Indeed, Elias had no doubt that, whatever their intentions, these men were not friendly. Maybe he could sense this, or maybe it was just bloody obvious.
The strangers surrounded them. A man with a scar on his chin, his eyes lost under the shadow of his tricorne, approached Elias and Bertrand. “I come bearing a message,” he said.
“What’s that?” Elias stepped forward—and was immediately punched in the face.
“That,” the man said, “is the message.”
Elias covered his eye and cursed the gods, reeling backward into Bertrand, who stopped him from falling.
Letting things end here, allowing this man’s message to be conveyed exactly as intended, would have been the easy end to this confrontation. They simply needed to say nothing, to flinch, to squirm, to submit. Bertrand was certainly cycling through the full gamut of a threat well received, and he was not the one who would be nursing a black eye.
But Elias—Elias was furious. Elias was a collector. He straightened himself and asked, “Did Edric have you follow us all night just so you could punch me in the face?”
The strangers turned. “Go to bed.”
“He’s threatened, is that it? I saw he came in fourth place in his race. I bet it really grated him that we placed third in ours.”
“Just leave it, Elias.” Bertrand grabbed his forearm, as if that would stop him.
The man in the tricorne halted in his tracks, circling around to face them again. “You really should go to bed, kid.”
“I’m not afraid of you,” Elias informed him.

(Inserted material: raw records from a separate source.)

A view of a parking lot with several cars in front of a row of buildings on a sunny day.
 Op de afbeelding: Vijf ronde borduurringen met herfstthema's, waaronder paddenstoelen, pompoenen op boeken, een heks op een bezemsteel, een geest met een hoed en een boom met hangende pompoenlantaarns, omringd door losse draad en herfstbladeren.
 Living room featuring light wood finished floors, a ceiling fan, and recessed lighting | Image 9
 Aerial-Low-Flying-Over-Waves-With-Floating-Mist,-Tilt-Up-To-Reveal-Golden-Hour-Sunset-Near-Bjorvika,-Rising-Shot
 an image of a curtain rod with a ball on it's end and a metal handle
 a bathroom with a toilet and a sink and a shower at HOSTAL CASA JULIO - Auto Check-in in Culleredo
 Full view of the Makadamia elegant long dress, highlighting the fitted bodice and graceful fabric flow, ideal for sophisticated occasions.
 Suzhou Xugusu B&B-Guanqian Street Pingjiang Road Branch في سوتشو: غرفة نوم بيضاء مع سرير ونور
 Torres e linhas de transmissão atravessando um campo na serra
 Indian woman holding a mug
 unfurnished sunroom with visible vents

“Shall I deliver you another message, then?” The stranger rolled up his sleeves. His companions closed in around them once more.
“Try it,” Elias said.
And so he did—try it, that is. Elias dodged the swing with ease and countered with his own fury-laden punch. His pursuer recoiled farther than anyone expected, his tricorne landing on the ground by the younger man’s boots. Just as quickly as it settled on the dirt, Elias unholstered his pistol and pointed it toward one of the men behind him.
The men paused. The one on the ground eyed his hat.
Elias searched for something clever to say, but where wit normally resided, adrenaline flooded through. And actions were, in this case, louder than words. That would be doubly true if he had to fire his pistol, an outcome he wished to avoid. The last thing he needed was Edric Graystone pointing his finger, calling him a murderer, and paying off the police.
Mercifully, his attackers did not want to be shot either. The situation had obviously spiraled out beyond the scope of their compensation, and so they adopted Elias’s silence and dispersed back into the shadows with one fewer tricorne.
Elias picked it up. “Need a new hat, Bertrand?”
It wasn’t a very nice hat, and also Bertrand may not have been in the mood. “Why did you escalate that?” he asked as they left the scene.
“We’ve taken down pirates,” Elias replied. “Why should we let a few thugs push us around?”
“Because not every fight needs to be fought.”
“No offense, my friend, but you clearly never learned how to stop a bully. You don’t stop a bully by taking the punch and lying down.”
“This isn’t a schoolyard. We’re adults now.”
“Tell that to Edric.”
Perhaps Bertrand had no response to that, or perhaps he was merely tired. Either way, he was ready for bed and said as much.
And as they parted ways at the crossroads between Hightown, where Bertrand had lived his entire life, and Lowtown, where Elias still resided to save on rent, the man from Acreton had one last point he wished to make. “There will always be obstacles,” he said. “There will always be those who wish to stop us. The setbacks and punches will never cease. But I can take them all, Bertrand. Every last one.”